Leveraging Application Usage Data From Munki
Getting Application Usage Data at Scale With Munki
Munki is a series of tools and a popular application state management tool many Mac Admins across the globe use. Some out-of-box features of Munki solve problems many commercial MDMs still cannot solve to this day. It allows a Mac Admin to write some declarative data and have Munki takes care of the rest for you. We use it to manage and patch all of our third party apps in conjunction with AutoPKG.
Many projects or ideas start with a simple statement, or declaring what you want to accomplish. I feel this specific topic is one that requires this. I feel this is required, because I know many organizations will likely abuse application usage data for things it is not meant for.
One of the neat features of Munki, is that it can track application usage and Munki can take action from that data. You
can read about it here in the project’s wiki page. There
is a local SQLite database located in /Library/Managed Installs/application_usage.sqlite
and it contains the data we
are looking to ingest at scale into Snowflake!
The schema for this db is:
|
|
So, you can just shell into that db on any Mac that has Munki installed and run some basic SQLite commands to look at what it collects. However, no one is going to shell into each individual end user computer and collect this data. It is worth mentioning that Munki Reports is another tool Mac Admins can use if they choose to, that can help centralize data and management of Munki.
When you work with data at scale centralizing your data though is extremely valuable for many reasons. Here are some top reasons why an organization would want to do this:
Data Governance
:- implement RBAC controls on who can access what data, and protect crown jewels data
Analytics and Intelligence
:- Build dashboards and data workflows to help automate and gain insights
Data Sharing
:- Share your data across teams
Reduce noise
:- Ability to join your data to multiple data sources and apply laser focus context to your data
I am sure folks have written books about this subject, so I will leave it with those 4 points.
Use FleetDM to Configure ATC in osquery
Osquery has a really neat feature called Automatic Table Creation (or ATC for short), and a good introductory blog post about it can be read here. It can essentially query something like a SQLite database and return the results into an osquery table. This is the perfect feature for a setup like ours. The first SQLite database I was targeting was of course, the Munki application usage database.

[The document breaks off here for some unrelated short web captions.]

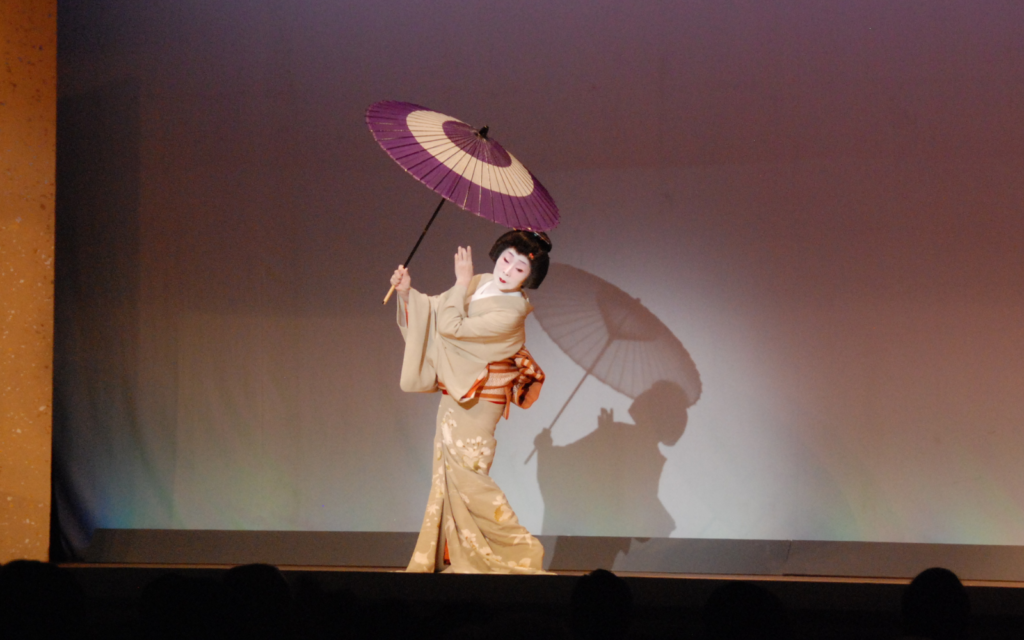 gejša divadlo představení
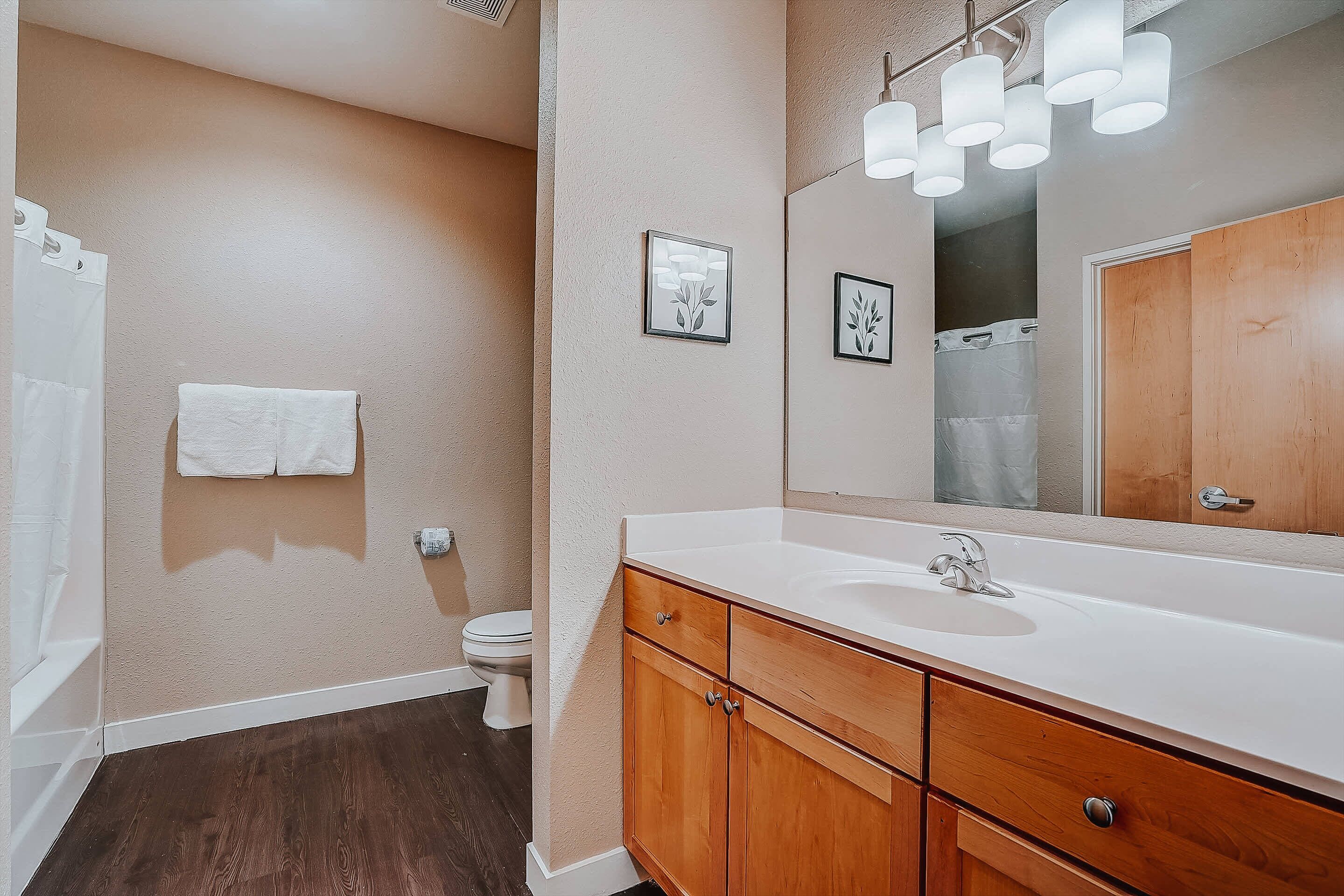 Frontdesk | Relaxing Open Studio Apt near UM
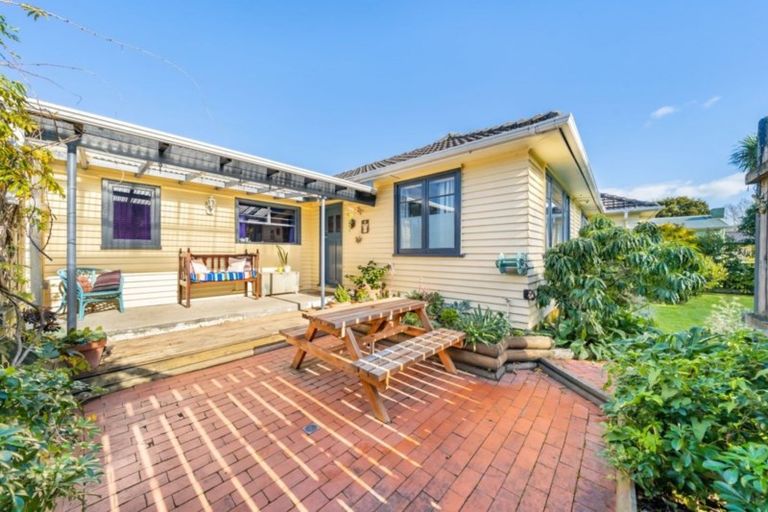 Photo of property in 6 Riverbank Street, Ebdentown, Upper Hutt, 5018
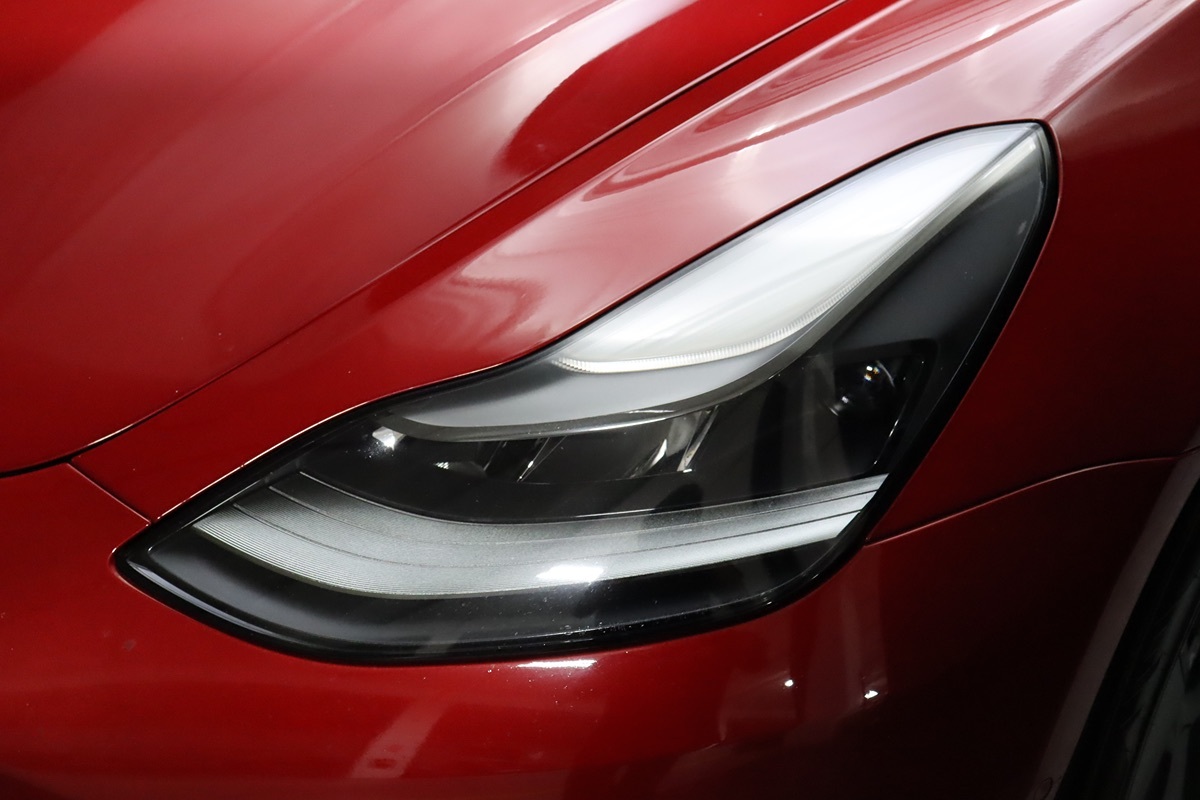 2023 Tesla Model 3 photo 3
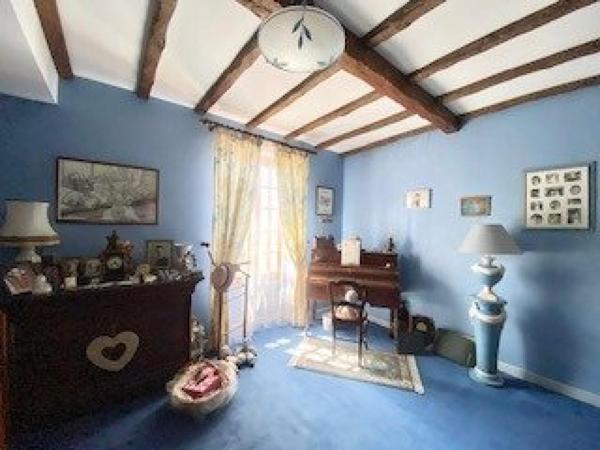 Maison à FOLLAINVILLE-DENNEMONT, 78520 - 8 pièces 162m²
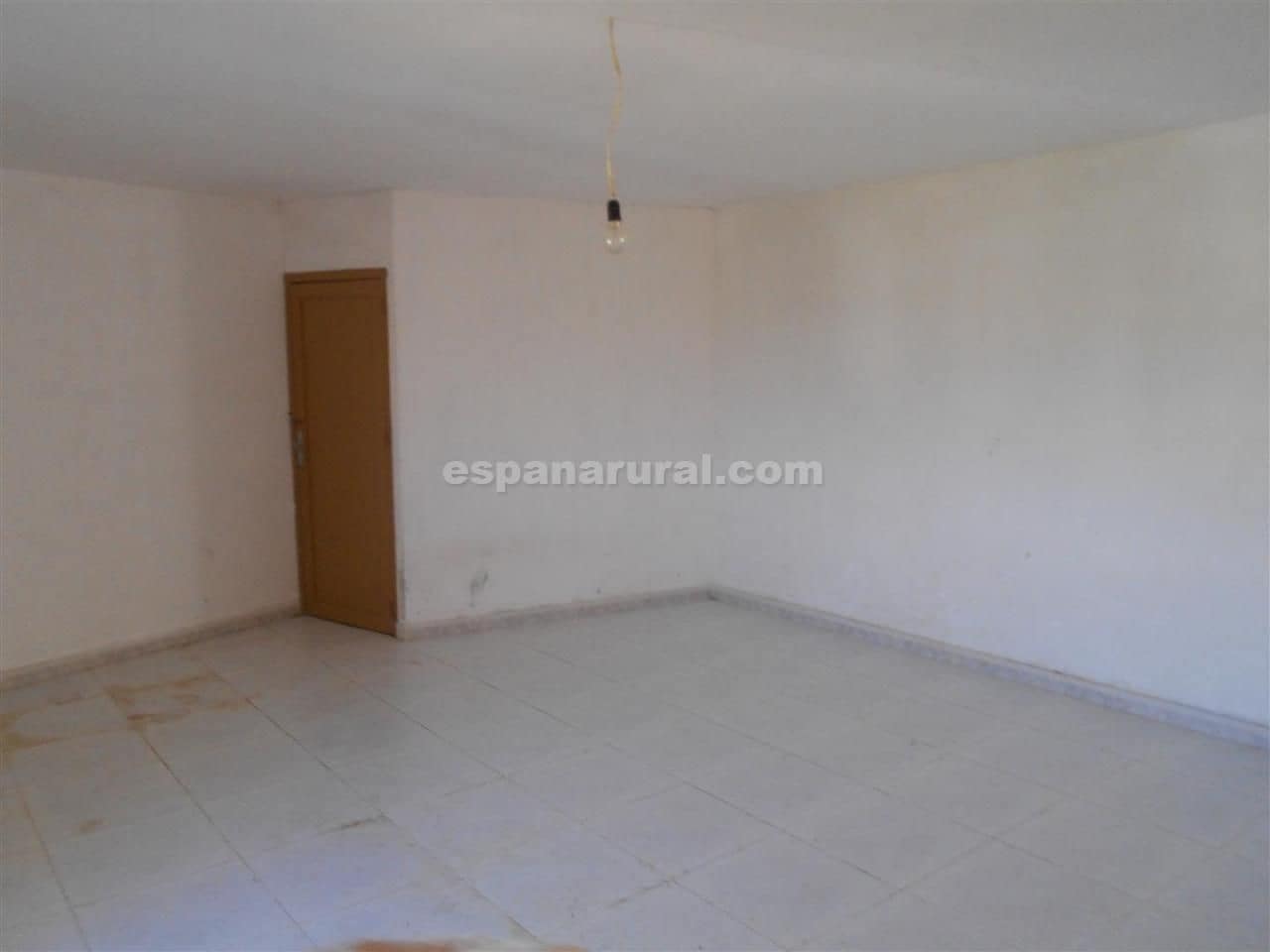 8 sovrum Finca/Hus på landet till salu i Baza - 135 000 € (Ref: 3982391)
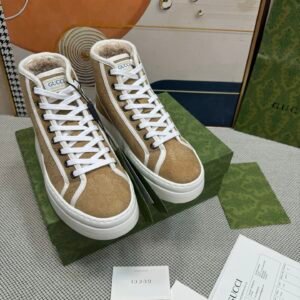 Gucci Unisex Loafers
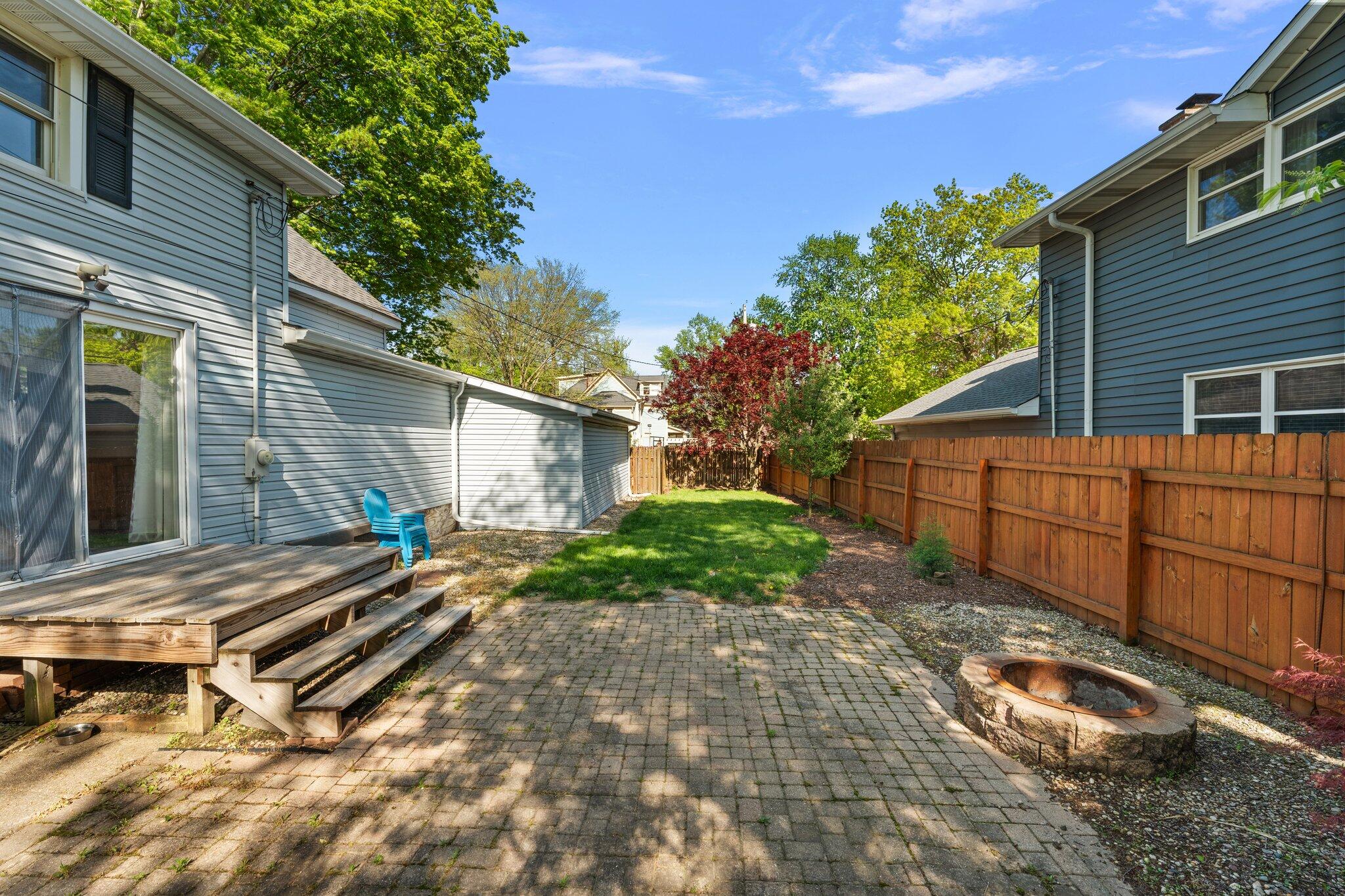 606 Lafayette Street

FleetDM does this a bit different from the Kolide blog post, but conceptually it is the same in the end. Let’s start with our requirements:
- FleetDM Stack
- Firehose Kinesis Stream to Snowflake
- A Munki deployment
FleetDM has the ability to modify the osquery config files per a team, this allowed me to set up ATC in a controlled and phased fashion. There are also some caveats, as I found out the hard way that if your YAML file in FleetDM is not quite in proper order osquery will skip over your decorators. See this issue for more details.
Decorators are important, especially if you ship osquery data from FleetDM downstream to a product like Snowflake. They are included in every query result, thus it is a smart idea to put unique strings or IDs as a decorator, so now you have a primary key in your data you can use to join to other data sets.
So, again please test everything out against a small subset of your systems and use a phased approach before you go all in on any osquery configuration change. Here is a sample of a YAML config you can use to accomplish ATC:
|
|
When working with data, you might want to do things like SELECT * FROM FOO_TABLE;
and this might get the exact results you
want. This may work for a very long time as well. However, it is more of a best practice to be very specific in the tables
you select to avoid breakage downstream. If Munki were to add a new column to their database for any reason that SELECT *
would also include that new table. Now downstream any data models or preprocessing will have a new column to deal with
that isn’t defined. This could break things, and it is likely when it does break this is not the first thing you will think
to check. So, just start off by sanitizing your inputs, and only selecting the exact data you intend to get downstream.
In semi-structured data like JSON this is much less of a risk as you will likely just be missing a new key.
When you use ATC to create a table FleetDM won’t recognize it as a valid table, and you might see this warning message when trying to run a live query:
If you just ignore this message and YOLO it anyway and hit that query button, you will see you actually do get results:
You might notice that there are several event types the Munki collects about an application. They are:
Activate
- This monitors when the application is the foreground appQuit
- This tracks when the application is quitLaunch
- This tracks when an application is launchedNumber Times
- The number of times each event has occurred in totalLast Time
- Epoch time stamp of the last time this event occurred
This is actually great and exactly what most organizations need to monitor application usage, for its proper intended use. Which is license revocation and cost savings. Trying to monitor application usage for other use cases is a bit of a mixed bag at best, and awful at the worst.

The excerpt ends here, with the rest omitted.